Prof. John Louis Esposito, pengamat Islam terkemuka dari Georgetown University, dalam sebuah acara yang diselenggarakan oleh Dewan Hubungan Islam-Amerika (Council on American-Islamic Relations) cabang Oklahoma pada 5 April 2014 menjelaskan arti Islamofobia sebagai berikut:
Islamophobia, seperti yang saya definisikan bukanlah tentang orang-orang yang memiliki semacam kritik berdasarkan fakta yang baik dari agama Islam. Islamophobia adalah ketika anda memiliki ketakutan irasional tidak berdasar, yang cenderung mengarah pada bias, diskriminasi, perkataan yang mendorong kebencian, dan kejatahan (berdasarkan) kebencian. Itu adalah ketakutan tak berdasar.
Sedangkan peneliti dari Universitas Hamburg, Jerman, Miriam Urbrock dan Marco Claas, dalam karya tulis Islamophobia: Conceptual Historical Analysis, mengatakan bahwa islamophobia menjadi sinonim dari anti-Islam. Yakni sikap dan tindakan yang menunjukkan ketidaksukaan terhadap agama Islam.
Rasa cemas dan kepanikan berlebih Barat terhadap Islam dipicu karena semakin berkembangnya Islam di Dunia. Oleh Barat, Islam digambarkan sebagai ancaman lipat tiga: ancaman politik, ancaman peradaban, dan ancaman demografi. Ketiga ancaman itu selalu menghantui gerak-gerik Barat (yang seringkali diwakili oleh Amerika serikat) dalam menjalankan politik luar negerinya. Barat menganggap Islam sebagai tradisi dan umat beragama yang agresif, bermusuhan dan anti Amerika. Demikian pengamatan John Esposito.

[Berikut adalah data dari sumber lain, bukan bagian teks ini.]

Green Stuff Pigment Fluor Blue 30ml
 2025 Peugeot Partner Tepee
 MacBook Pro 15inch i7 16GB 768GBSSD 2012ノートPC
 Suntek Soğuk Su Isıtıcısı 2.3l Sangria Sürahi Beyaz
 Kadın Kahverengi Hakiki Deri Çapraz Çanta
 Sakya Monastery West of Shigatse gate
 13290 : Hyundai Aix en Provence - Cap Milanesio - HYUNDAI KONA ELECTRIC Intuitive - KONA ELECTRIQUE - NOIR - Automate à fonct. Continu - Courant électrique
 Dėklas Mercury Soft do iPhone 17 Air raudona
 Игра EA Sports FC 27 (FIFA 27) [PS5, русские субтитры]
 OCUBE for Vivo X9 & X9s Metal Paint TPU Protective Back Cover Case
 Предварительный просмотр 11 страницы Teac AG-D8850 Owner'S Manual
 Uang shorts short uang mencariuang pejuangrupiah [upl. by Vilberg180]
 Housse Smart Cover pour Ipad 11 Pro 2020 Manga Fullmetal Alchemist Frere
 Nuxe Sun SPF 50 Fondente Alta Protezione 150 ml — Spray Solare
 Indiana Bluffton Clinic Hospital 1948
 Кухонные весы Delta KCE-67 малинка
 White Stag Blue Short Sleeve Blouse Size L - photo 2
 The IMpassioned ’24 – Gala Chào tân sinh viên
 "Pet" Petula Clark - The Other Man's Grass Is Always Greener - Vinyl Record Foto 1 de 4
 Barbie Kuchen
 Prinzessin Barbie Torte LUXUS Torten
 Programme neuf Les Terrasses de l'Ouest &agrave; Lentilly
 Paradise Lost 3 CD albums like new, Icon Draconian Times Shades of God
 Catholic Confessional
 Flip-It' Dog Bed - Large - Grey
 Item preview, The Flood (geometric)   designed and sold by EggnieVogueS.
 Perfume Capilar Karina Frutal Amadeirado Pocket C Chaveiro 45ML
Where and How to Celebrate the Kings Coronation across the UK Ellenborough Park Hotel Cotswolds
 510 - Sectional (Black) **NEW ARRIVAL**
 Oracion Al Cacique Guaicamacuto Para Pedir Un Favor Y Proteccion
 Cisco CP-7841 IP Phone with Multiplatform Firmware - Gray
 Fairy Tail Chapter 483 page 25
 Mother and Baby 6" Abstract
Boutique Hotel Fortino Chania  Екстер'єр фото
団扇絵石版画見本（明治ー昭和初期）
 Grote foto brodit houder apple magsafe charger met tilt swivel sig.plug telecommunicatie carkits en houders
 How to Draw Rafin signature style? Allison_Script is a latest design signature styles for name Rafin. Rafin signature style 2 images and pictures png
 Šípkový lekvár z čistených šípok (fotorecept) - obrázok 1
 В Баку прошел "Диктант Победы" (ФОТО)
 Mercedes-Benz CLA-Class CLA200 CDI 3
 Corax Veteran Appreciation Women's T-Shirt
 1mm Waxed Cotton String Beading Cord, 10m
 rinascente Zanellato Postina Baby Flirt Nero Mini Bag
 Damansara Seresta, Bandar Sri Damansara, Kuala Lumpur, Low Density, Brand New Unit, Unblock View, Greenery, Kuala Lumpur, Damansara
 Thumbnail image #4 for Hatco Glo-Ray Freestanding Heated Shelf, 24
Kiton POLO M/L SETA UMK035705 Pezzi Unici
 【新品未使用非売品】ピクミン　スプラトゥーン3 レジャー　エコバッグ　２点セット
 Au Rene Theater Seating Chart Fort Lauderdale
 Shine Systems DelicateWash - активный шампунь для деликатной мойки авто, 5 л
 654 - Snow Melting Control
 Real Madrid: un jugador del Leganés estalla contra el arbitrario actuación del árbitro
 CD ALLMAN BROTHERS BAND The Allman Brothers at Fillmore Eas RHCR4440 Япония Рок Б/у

Konspirasi World Trade Center (WTC) 11 September 2001 melahirkan potret lain Islam sebagai ancaman demografis. Pasca 11/9, propaganda Islamofobia gencar diekspansi ke seluruh penjuru dunia. Namun justru populasi Muslim di Dunia semakin banyak. Penduduk Eropa berbondong-bondong hijrah memeluk Islam. Pertumbuhan penduduk Islam di Eropa dan amerika Serikat telah menjadikan Islam sebagai agama kedua terbesar di Jerman dan Perancis dan menjadi nomor ketiga terbesar di Inggris dan Amerika Serikat. Itulah yang kemudian membuat Barat semakin cemas.
Sikap kebencian terhadap Islam dan kaum Muslimin sebenarnya sudah ada sejak zaman Nabi Muhammad SAW. Umat Islam pada saat itu menghadapi ujian yang hebat dari kafir Quraisy. Abu Jahal, dan Abu Lahab adalah tokoh yang paling keras memusuhi Nabi. Dihina, diludahi, dilempari, hingga diperangi, semua pernah dialami umat Nabi. Namun umat tetap dalam agama Allah. Istiqamah membela dan memerjuangkan Islam, sehingga Islam tersebar luas ke seluruh penjuru dunia.
Itulah semangat yang harus tumbuh mengakar dalam diri setiap muslim . Stereotip negatif, propaganda Islamofobia, diskriminasi, dan kekerasan yang terus menerus menimpa umat harus menjadikan kita semakin istiqamah memeluk agama-Nya. Umat harus bersatu, umat harus bangkit, umat harus kuat. Sebab tak ada teror yang mampu menakuti seorang muslim dengan tauhid di dadanya. Wallahu A’lam
Hilman Indrawan, Ahad 17 Maret 2019
Sumber:
John L. Esposito, Ancaman Islam; Mitos atau Realitas?, (Bandung : Mizan, cet. III, 1996).
Edward Said, Covering Islam, terj. Apri Danarto (Yogyakarta: Jendela, 2002).
John L. Esposito, Bahaya Hijau! Kesalahpahaman Barat terhadap Islam.